Wwalawala111 · Jul 12, 2024

Hi jakaskerl
We conducted a detailed test on the part of head posture recognition and found that the RPY angle recognized was inaccurate and did not change with the change of head posture. The values kept jumping around without any regularity.
Thanks

jakaskerl · Jul 15, 2024

walawala111
This one should work now.

from MultiMsgSync import TwoStageHostSeqSync
import blobconverter
import cv2
import depthai as dai
from tools import *

def create_pipeline(stereo):
    pipeline = dai.Pipeline()

    print("Creating Color Camera...")
    cam = pipeline.create(dai.node.ColorCamera)
    cam.setPreviewSize(300, 300)
    cam.setResolution(dai.ColorCameraProperties.SensorResolution.THE_1080_P)
    cam.setInterleaved(False)
    cam.setPreviewKeepAspectRatio(False)
    cam.setBoardSocket(dai.CameraBoardSocket.RGB)

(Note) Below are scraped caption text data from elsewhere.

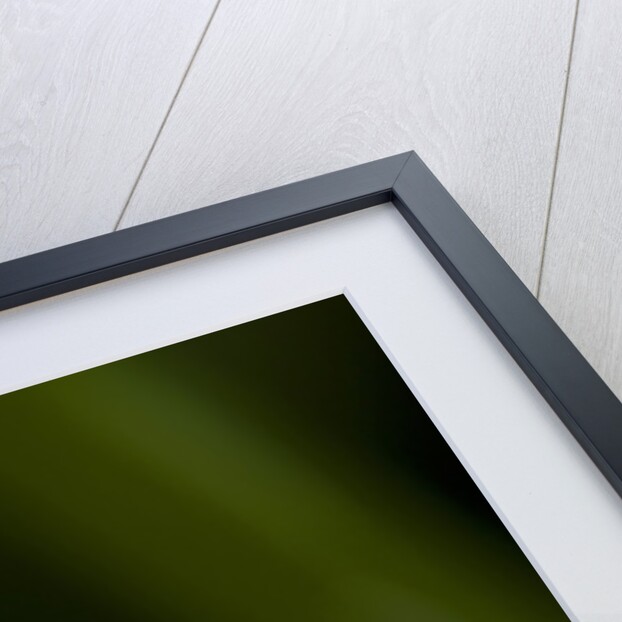 A tropical butterfly perching on a leaf by Anonymous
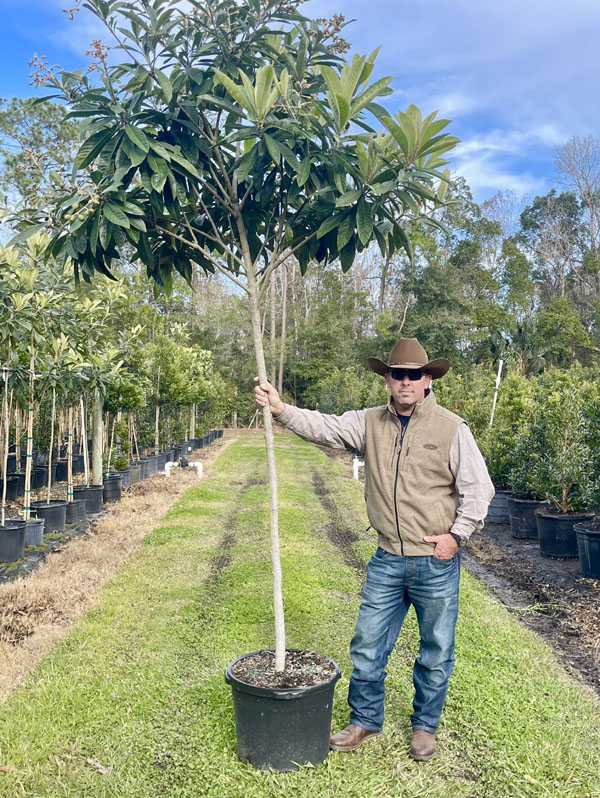 eriobotrya-japonica-loquat-edible-japanese-plum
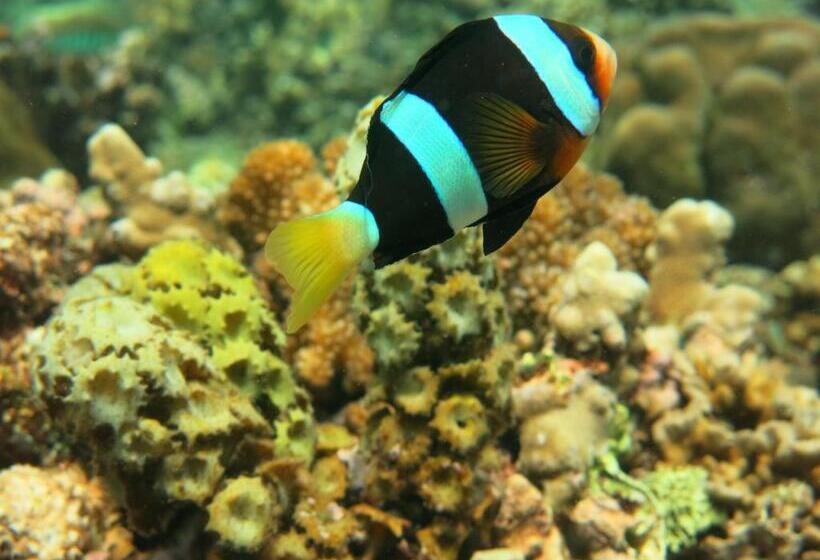 צימר Kubu Sari Guest House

    cam_xout = pipeline.create(dai.node.XLinkOut)
    cam_xout.setStreamName("color")
    cam.video.link(cam_xout.input)

    if stereo:
        monoLeft = pipeline.create(dai.node.MonoCamera)
        monoLeft.setResolution(dai.MonoCameraProperties.SensorResolution.THE_400_P)
        monoLeft.setBoardSocket(dai.CameraBoardSocket.LEFT)

        monoRight = pipeline.create(dai.node.MonoCamera)
        monoRight.setResolution(dai.MonoCameraProperties.SensorResolution.THE_400_P)
        monoRight.setBoardSocket(dai.CameraBoardSocket.RIGHT)

        stereo = pipeline.create(dai.node.StereoDepth)
        stereo.setDefaultProfilePreset(dai.node.StereoDepth.PresetMode.HIGH_DENSITY)
        stereo.setDepthAlign(dai.CameraBoardSocket.RGB)
        monoLeft.out.link(stereo.left)
        monoRight.out.link(stereo.right)

        # Spatial Detection network if OAK-D
        print("OAK-D detected, app will display spatial coordiantes")
        face_det_nn = pipeline.create(dai.node.MobileNetSpatialDetectionNetwork)
        stereo.depth.link(face_det_nn.inputDepth)
    else: # Detection network if OAK-1
        print("OAK-1 detected, app won't display spatial coordiantes")
        face_det_nn = pipeline.create(dai.node.MobileNetDetectionNetwork)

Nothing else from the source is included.